Upon moving in, our sweet neighbour, Sue, informed us that she had been feeding the migrating Rufous hummingbirds in the area for years and invited us over so our kids could try feeding them by hand. Our youngest was only three at the time and lasted all of two seconds, the oldest, Maisie, was six and determined to make it happen. She’d always been a bit of an animal whisperer. After about 40 minutes of calm stillness, with her outstretched hands resting on the feeder, one finally landed inches from her. After this interaction, we were hooked and immediately got some feeders. The next year our neighbour moved away and passed her feeders and insight on to us. We happily took over for her, feeding these amazing Rufous Hummingbirds.

The Rufous Hummingbird makes one of the longest migratory journeys of any bird in the world, travelling nearly four -thousand miles from breeding grounds in Alaska and Northwest Canada to wintering sites in Mexico.

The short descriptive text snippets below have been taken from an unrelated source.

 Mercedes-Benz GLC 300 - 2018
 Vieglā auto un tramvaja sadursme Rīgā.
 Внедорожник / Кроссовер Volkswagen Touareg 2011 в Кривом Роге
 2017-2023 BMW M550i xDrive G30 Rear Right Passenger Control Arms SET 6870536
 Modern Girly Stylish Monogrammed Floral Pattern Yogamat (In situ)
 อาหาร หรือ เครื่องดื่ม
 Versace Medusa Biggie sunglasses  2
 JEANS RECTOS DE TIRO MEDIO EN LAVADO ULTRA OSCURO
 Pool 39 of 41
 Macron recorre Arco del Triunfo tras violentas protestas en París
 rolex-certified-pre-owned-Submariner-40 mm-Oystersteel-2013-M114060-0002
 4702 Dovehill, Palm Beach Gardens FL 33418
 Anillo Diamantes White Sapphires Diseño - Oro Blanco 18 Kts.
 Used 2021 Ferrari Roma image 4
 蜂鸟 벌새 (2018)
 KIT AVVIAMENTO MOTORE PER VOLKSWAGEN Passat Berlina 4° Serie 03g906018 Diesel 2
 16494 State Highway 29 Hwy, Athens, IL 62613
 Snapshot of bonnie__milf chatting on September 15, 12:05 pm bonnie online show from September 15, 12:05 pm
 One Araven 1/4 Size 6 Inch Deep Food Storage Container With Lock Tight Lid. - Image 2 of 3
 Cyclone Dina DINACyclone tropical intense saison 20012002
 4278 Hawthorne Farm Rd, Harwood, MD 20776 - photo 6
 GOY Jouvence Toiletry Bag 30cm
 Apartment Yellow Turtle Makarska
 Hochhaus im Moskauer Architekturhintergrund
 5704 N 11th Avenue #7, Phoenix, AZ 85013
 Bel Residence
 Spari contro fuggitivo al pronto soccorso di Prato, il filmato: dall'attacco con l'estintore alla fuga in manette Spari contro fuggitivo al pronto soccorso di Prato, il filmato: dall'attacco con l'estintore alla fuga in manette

Sue had passed on a lot of her accumulated knowledge about these tiny, feisty creatures. The more I learned, the more fascinated I was, especially when there were hundreds drinking from our feeders. Studies have shown that hummingbirds can remember every flower they’ve ever visited, including while on migration routes. They can anticipate how long to wait between visits, so the flowers have time to generate more nectar. They can even recognize humans and know which ones can be trusted and depended on to refill empty hummingbird feeders.

When Maisie sat down the following year, to see if her feathered friends would visit her, the results were thrilling.

The hummingbirds were all over her in a matter of minutes. It was truly mesmerizing. Some of the birds sat on her finger while they fed on the sugar water and they slowly began frequenting the feeders without fear of her. As a photographer, having my daughter with hummingbirds all around her makes pretty magical subject matter.

It’s been four years since this all started for us, I now have eight feeders, and hundreds of Rufous Hummingbirds visit us each spring. My neighbours even joke that I’m hoarding them. We feed the hummingbirds a simple mix of one cup of sugar to four cups of water (no dye necessary). When the hummingbirds are the most active, I refill eight feeders twice a day. I can often be found ignoring my own family dinner to ensure the feeders are full for my little friends outside. They are so curious, and I can honestly tell that they recognize us. When I am outside, they zip by and, at times, hover by my head as if to let me know the feeders need refilling.

Last year on Maisie’s 9th birthday, the little gems paid us the most intense visit yet. I could see a few buzzing around, but I hadn’t put the feeders out yet. I got some together and, when Maisie sat down at the fresh feeders, there were roughly 30 to 40 swarming and landing all over her.

The buzz of their wings remains my most cherished sound and I feel so grateful when they arrive annually. The progression of the hummingbird whispering is one of my favourite memories and always reminds me to slow down, soften up, and enjoy the magic that nature so freely gives.